Cruise lines such as Carnival Cruise Line International and Royal Caribbean, routinely pollute the seas, exploit their staff and neglect crime reports without any legal consequence. Piracy and Human Trafficking rates in the Caribbean and the Horn of Africa have left citizens of these regions vulnerable to vile acts of terrorism. The FCA complicates INTERPOL’s efforts to resolve these crimes by making the criminal prosecution of both pirates and their financiers a complex and untimely procedure. The rate of overfishing, naval oil drilling and naval waste disposal is at record high numbers and don’t seem to be slowing. This is affecting the state of natural seabed reserves, the price of seafood and the quality of sea life. The livelihoods of people and animals across the globe are deteriorating due to irresponsible law making and sea activity.

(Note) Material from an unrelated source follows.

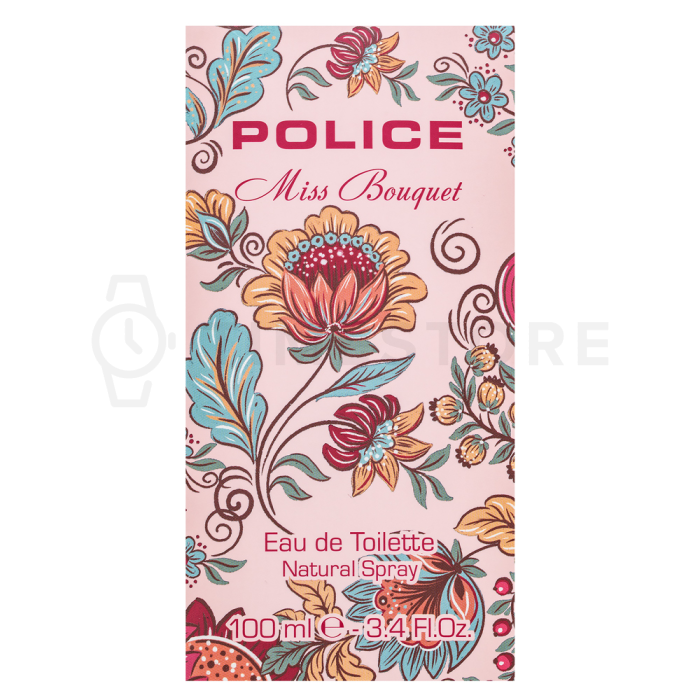 Police Miss Bouquet toaletná voda pre ženy 100 ml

In accordance with the time that this article is released, it is unclear what the UN’s plan of action to correct its maritime laws is. The third and most recent UN convention on the Law of the Sea was held in 1982 and has been slow to enact its laws since then, with only 160 countries in agreement with said laws as of 2017. Although they've been considered largely successful, it fails to bring attention to the UN’s inability to challenge the rate of crime and corruption on the high seas. Therefore the threats to our livelihoods, such as climate change, global warming, resource exploitation, unsafe naval travel and mass human rights transgressions that remain unresolved.
In order to resolve the issues that lie in the UN’s Law of the Sea, the problems need to be raised to the attention of our local parliamentary representatives. As this pressing matter, if not appropriately resolved, may lead to irreversible consequences. As normal civilians, the most we can do in our day to day lives is prioritise recycling, reduce our carbon footprint and spread awareness about how our naval activity is ending lives and our dear planet.

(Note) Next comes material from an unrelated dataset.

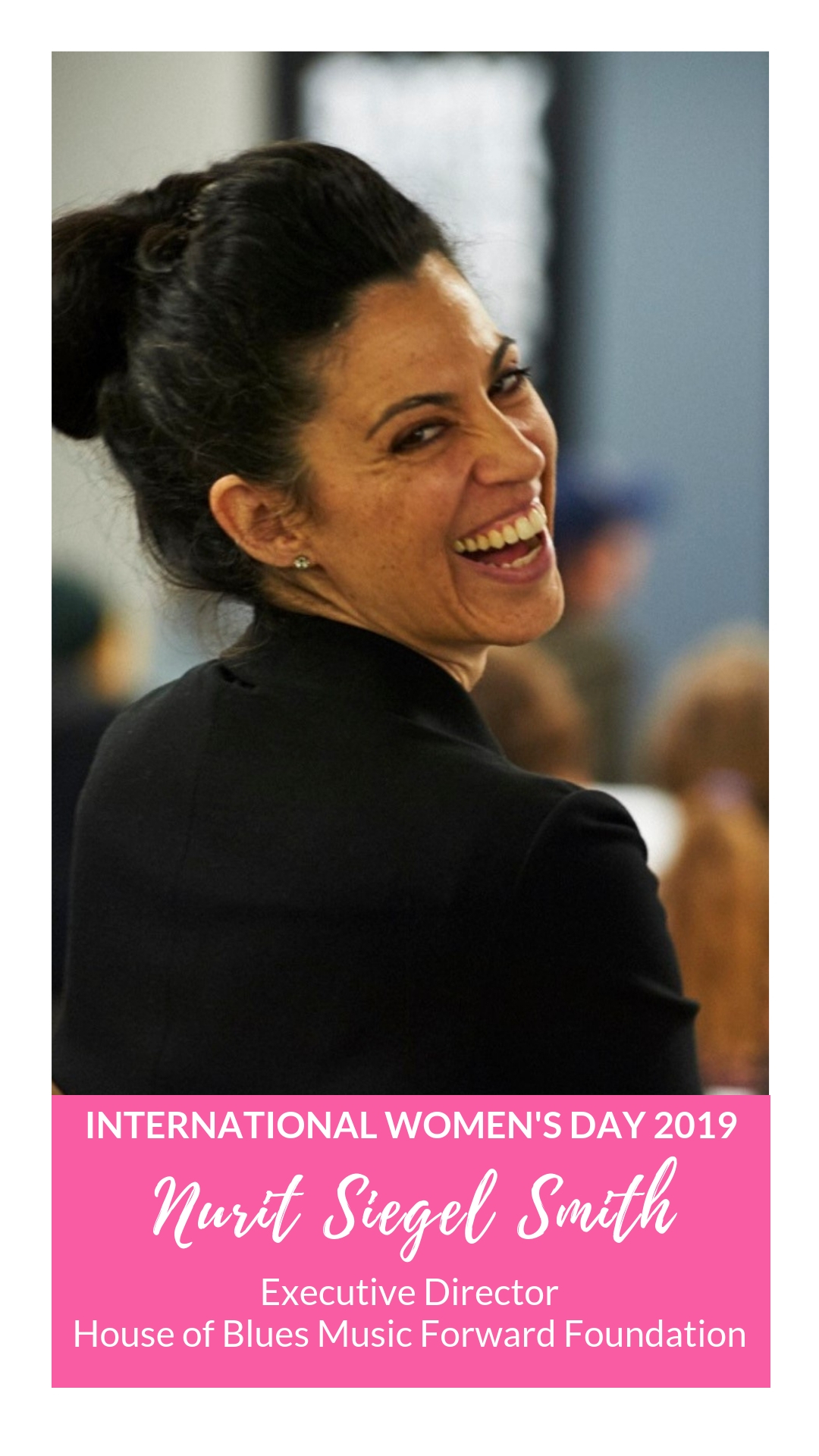 IWD - Nurit Smith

The world is undergoing massive changes, not only due to the global pandemic but also in regard to global warming and climate change. Violations of basic human rights and the destruction of natural reserves have become the global standard on international waters. The UN, in the grand scheme of the matters at hand have not failed in any sense of the word. However, it is clear that their methods and the pace of their actions must be questioned.